Shares in S&U jumped 42.5p to 340p yesterday after the Solihull doorstep credit company reported resilient full-year results under-pinned by £37?million of new bank facilities agreements with HSBC and Royal Bank of Scotland fixed until 2012.

S&U has been able to tighten up its lending criteria as banks and other mainstream lenders refuse conventional credit to customers who would previously have received it. The company has been recruiting managers from rival lender London & Scottish, which has gone out of businesses.

S&U’s profits for the year to January came in at £8.3?million after £8.6?million last time, on revenues marginally higher at £46.2?million.

An unchanged final dividend of 23p holds the year’s total at 32p, giving the shares a yield of 9.4 per cent.

The share price, which has recovered from a 12-month low of 235p is equivalent to 6.8 times the year’s earnings.

“These are a solid set of results to reassure the market,” said chairman Anthony Coombs. “We are not racing the engine to try to grow the [loan] book too quickly. The important things are stability and solidity.”

S&U has been shortening the terms of its home credit loans, Mr Coombs added. These mostly now run to 32 or 42 weeks, rather than the 52 and 68-week deals that were more prevalent in the past.

Its total home credit loan book is little changed, but it has 2,000 more customers, spreading its exposure more widely.

The company stated: “As the economy has deteriorated, management has taken steps to protect the quality of our debt by more rigorous and sophisticated underwriting, by further integration of collecting in our home credit division and by a shortening of our debt profile throughout the group.

“This means that even should our customers’ incomes be eroded by unemployment, short-time working or utility price inflation, S&U is well placed to protect its relationships with them and hence the quality of its debt and potential trading.”

Advantage Finance, the motor subsidiary, is now generating cash.

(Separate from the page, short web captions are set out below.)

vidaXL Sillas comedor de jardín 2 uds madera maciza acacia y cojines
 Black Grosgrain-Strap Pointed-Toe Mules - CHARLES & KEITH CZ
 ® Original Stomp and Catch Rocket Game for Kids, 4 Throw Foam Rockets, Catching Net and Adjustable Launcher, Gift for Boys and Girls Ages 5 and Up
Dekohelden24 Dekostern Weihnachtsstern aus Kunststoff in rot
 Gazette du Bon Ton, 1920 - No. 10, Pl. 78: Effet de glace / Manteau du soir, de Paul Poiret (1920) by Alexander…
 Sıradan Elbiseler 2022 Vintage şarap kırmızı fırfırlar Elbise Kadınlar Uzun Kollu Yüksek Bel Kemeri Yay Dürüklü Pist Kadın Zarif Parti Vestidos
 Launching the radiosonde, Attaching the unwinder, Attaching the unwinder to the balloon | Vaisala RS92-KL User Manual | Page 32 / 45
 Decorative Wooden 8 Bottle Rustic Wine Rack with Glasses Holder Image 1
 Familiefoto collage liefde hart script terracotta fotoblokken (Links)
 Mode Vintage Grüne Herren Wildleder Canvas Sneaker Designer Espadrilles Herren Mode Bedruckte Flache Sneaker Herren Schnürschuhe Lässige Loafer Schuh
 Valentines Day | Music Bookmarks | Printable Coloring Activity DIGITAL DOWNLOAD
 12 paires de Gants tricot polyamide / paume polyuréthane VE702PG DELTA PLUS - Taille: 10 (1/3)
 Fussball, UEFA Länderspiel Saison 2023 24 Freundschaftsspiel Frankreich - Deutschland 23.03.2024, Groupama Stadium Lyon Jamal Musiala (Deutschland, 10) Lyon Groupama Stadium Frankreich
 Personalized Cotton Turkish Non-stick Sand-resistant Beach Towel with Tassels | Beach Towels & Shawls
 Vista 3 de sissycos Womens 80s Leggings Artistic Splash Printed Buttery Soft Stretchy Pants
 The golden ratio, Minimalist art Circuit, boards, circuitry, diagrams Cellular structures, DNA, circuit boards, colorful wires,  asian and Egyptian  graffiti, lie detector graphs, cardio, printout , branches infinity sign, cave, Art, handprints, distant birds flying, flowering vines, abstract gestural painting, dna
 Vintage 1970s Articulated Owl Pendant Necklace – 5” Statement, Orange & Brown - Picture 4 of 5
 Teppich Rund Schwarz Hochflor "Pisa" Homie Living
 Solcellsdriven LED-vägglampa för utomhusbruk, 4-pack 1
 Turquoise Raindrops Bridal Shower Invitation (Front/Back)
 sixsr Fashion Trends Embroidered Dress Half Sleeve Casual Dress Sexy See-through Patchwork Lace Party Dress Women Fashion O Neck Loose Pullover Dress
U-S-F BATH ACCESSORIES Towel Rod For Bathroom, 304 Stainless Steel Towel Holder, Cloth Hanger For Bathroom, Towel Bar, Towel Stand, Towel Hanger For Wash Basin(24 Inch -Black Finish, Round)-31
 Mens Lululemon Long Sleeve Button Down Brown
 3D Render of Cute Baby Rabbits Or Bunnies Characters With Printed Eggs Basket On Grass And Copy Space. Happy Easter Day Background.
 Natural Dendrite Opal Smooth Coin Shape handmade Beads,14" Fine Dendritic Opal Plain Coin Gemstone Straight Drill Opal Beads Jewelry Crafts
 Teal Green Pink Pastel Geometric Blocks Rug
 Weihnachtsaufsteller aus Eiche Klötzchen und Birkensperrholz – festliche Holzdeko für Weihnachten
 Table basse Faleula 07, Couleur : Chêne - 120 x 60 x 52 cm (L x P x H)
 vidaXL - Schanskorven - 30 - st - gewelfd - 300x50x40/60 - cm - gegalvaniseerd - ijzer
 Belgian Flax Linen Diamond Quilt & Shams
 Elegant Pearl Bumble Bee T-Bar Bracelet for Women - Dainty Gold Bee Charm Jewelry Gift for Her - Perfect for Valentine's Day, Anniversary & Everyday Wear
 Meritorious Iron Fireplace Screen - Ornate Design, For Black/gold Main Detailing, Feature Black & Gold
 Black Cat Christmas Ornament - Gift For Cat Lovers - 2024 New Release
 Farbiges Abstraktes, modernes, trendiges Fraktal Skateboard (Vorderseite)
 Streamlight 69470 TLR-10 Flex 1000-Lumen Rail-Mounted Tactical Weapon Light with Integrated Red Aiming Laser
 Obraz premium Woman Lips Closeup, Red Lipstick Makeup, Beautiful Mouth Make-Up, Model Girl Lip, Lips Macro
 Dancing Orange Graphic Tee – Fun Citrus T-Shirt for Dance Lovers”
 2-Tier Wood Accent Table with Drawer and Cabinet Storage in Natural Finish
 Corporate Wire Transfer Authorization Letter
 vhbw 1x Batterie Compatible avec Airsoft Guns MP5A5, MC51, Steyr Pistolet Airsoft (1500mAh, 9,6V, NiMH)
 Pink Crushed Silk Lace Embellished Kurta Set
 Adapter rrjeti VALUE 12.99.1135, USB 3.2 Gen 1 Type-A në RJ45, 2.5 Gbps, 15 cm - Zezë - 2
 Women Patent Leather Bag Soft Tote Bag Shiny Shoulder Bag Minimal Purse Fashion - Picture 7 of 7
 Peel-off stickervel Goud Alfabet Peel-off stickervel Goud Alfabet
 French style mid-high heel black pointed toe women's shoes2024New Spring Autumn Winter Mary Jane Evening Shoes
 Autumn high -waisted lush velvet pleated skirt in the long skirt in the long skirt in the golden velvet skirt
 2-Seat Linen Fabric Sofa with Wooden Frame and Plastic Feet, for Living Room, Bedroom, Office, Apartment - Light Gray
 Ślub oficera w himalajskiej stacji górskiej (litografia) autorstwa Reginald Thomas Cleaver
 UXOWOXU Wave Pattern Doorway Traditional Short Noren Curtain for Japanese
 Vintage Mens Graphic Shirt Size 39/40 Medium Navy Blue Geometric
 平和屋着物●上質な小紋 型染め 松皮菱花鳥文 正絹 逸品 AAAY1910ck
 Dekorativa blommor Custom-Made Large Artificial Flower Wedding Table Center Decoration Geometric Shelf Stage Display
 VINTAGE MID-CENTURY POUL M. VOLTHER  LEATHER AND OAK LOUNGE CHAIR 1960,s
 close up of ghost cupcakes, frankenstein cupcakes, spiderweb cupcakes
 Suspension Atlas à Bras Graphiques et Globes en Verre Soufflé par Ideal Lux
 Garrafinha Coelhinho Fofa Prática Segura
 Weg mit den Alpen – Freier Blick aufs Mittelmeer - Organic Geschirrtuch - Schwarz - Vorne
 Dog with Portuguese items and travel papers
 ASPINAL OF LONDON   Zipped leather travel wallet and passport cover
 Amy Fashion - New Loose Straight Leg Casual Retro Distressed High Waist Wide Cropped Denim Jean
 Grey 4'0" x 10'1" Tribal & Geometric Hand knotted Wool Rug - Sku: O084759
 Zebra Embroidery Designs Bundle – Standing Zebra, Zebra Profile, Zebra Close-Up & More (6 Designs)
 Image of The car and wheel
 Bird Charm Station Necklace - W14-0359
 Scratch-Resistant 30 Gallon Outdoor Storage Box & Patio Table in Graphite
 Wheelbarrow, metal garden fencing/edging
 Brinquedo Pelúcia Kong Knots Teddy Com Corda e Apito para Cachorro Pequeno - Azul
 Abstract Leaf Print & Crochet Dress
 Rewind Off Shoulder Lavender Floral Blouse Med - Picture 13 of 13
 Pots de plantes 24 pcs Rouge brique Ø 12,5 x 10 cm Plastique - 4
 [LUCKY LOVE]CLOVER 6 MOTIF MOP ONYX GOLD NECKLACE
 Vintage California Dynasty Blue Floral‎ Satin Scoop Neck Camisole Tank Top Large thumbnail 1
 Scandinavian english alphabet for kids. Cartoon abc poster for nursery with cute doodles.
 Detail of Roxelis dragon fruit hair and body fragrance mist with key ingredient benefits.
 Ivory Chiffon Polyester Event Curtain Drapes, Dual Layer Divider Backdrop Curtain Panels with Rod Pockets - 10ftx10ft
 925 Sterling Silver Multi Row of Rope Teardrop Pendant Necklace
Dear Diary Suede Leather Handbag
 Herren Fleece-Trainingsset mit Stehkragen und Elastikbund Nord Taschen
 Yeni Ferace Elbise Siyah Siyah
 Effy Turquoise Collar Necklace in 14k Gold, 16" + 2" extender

It increased its profit contribution by 15 per cent to £3.01?million, on revenues ten per cent higher at £14.17?million.

In most months it accepts only 300 to 400 of the record 10,000 applications it has been receiving to limit the level of new business to last year’s so as to secure the quality of its loans. Cash collections are now outpacing sales by 14 per cent. Overall, S&U generated cash of £3.6?million from its operations last year.

Mr Coombs stressed that he is not looking for rapid expansion in the present economic climate.